I've found BB babies are easily identified from day one. Some hobbyists have reported some BB-like babies lost the blue after a month or two but I have not observed that. 

I have 4 female Golden Mischling (F7), these are the most exciting ones to see them berried. But I really wish they only berried for a week, as four weeks are too long ;-)


----------



## bettaforu (Sep 6, 2009)

I just popped 8 babies into the main tank today....4 were goldens, one was a CBS, and 3 others were red hinos.
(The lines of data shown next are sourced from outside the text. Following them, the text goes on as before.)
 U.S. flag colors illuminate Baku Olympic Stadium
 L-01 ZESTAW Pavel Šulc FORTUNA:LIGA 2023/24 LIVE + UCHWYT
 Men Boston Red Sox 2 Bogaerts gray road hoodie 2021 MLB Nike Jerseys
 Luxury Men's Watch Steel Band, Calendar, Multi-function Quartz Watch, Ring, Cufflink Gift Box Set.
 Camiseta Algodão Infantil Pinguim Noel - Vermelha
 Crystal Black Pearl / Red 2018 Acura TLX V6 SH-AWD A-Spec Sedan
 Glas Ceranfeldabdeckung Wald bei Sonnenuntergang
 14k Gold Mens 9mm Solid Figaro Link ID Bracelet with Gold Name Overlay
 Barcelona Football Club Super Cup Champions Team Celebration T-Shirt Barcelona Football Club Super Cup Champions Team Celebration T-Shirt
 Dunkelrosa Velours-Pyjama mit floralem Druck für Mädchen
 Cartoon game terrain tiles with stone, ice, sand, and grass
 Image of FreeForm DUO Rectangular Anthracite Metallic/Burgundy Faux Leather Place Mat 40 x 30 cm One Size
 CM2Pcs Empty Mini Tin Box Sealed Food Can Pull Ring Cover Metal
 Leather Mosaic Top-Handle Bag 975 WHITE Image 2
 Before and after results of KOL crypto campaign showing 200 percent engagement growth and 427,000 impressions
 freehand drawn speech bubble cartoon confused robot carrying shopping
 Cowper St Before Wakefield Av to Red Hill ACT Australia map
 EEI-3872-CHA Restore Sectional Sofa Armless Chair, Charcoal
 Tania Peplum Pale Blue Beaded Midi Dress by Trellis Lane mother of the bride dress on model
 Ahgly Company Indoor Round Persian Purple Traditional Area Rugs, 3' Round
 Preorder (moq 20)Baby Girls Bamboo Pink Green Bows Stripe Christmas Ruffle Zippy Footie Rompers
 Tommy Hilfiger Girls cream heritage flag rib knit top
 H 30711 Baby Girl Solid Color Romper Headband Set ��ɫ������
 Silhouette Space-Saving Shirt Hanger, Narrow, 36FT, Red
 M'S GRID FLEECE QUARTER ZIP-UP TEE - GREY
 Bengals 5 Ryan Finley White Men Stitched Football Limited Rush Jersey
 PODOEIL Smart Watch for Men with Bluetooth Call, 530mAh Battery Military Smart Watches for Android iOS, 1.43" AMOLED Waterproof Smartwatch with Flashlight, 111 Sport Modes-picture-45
Mamma Golden is berried again, as is 2 of my super red crystals


----------



## BBXB (Oct 7, 2012)

Is it recommended to cross golden bees? And if so, what type of crossing is common?


----------



## bettaforu (Sep 6, 2009)

Not sure what you mean? Goldens get crossed all the time, usually you will get a mix of whatever the other party was ie: if male was say an SS (tiger tooth/v type CRS) and female a golden you might get most of the babies with some red markings ranging from the 3 bands up to Hino, and some golden babies too.

Golden x Golden usually produces more goldens unless one of the goldens is a cross itself, then you might get some red marked babies.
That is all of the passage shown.